The longer you live here, the easier it gets. Learn the language, get an education, focus on the future and set goals. Don’t stay at home and do nothing. Learn your new culture through your interests. Do you like soccer? Join a Dutch team. Do you like cycling? Find Dutch people you can cycle with. Ask questions, show interest.Ahmed Mustafa
Q: You are part of the first generation of Eritrean refugees that came to Europe in the late ‘90’s and early 2000’s. From 2014 a second large wave of refugees came to Europe. What are you doing to help them?
“The circumstances now are very different from when we had to leave the country. They are having a harder time than we did with finding their place in Europe. We saw how the second generation was struggling, so we started Amana, an organization that focuses on solving the challenges Eritrean refugees in The Netherlands deal with.
We wanted to create visibility and reach out to young Eritreans who are having problems adapting to Dutch culture. In Eritrea there is a we-culture. We are one. We always help each other. In Europe, the culture is much more individualistic. Young men get lost here. Because there is no social control, they start misbehaving. Drinking a lot, sitting at home, doing nothing. They don’t have a network, they don’t understand the language and the culture.
With Amana we want to give them perspective. We organize social activities like Eid al-Fitr (the end of Ramadan) and Eid al-Adha (sacrifice feast) and activities and lectures focused on culture, skills and sports. We want to give newcomers all the tools they need to succeed. We help them to be truly independent and to take control of their own future.”
Q: How did you become successful?
“I believe your home-situation has a big role in your level of success. My mother was here alone, with six children. She had to be a mother and a father in one. She was very strict and helped me to focus on my future. If I came home late, she was sitting on the couch, waiting for me. There was no room for me to stray from the right path. She stimulated me to finish school, choose a profession and work hard.

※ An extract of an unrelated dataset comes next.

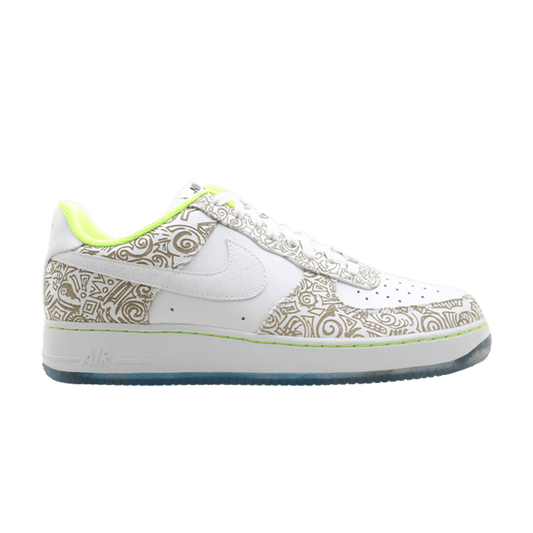 Nike Air Force 1 Low Doernbecher (2008/2013)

When I moved out, I had more freedom. I wasn’t interested in parties, alcohol and drugs. But if my mother hadn’t raised me this strict, I don’t know if I would have finished school and accomplished all my goals.”
Q: What advice can you give newcomers?
“Young Eritreans who are here without their families, have a tough time to stay on the right path. There is hardly any pressure to work hard. The policies from the government aren’t stimulating refugees to create a new life. There are a lot of people who want to work, but they are just sitting at home.
It is important that they receive concrete aid from the government. There need to be programmes focused on the problems of Eritrean refugees, not some generic program. And the refugees themselves need to learn to be open-minded about their new culture. You don’t have to act in a way that doesn’t suit you, but you need to understand the culture of your new country.
The longer you live here, the easier it gets.
Learn the language, get an education, focus on the future and set goals. Don’t stay at home and do nothing. Learn your new culture through your interests. Do you like soccer? Join a Dutch team. Do you like cycling? Find Dutch people you can cycle with. Ask questions, show interest.
In Europe and especially in The Netherlands, you get a lot of opportunities to reach your goals. Grasp these opportunities, focus on the future and don’t waste your time. And if you’re unsure on how to reach your goals, find an organization that can show you the way. There is always a solution for your problem.”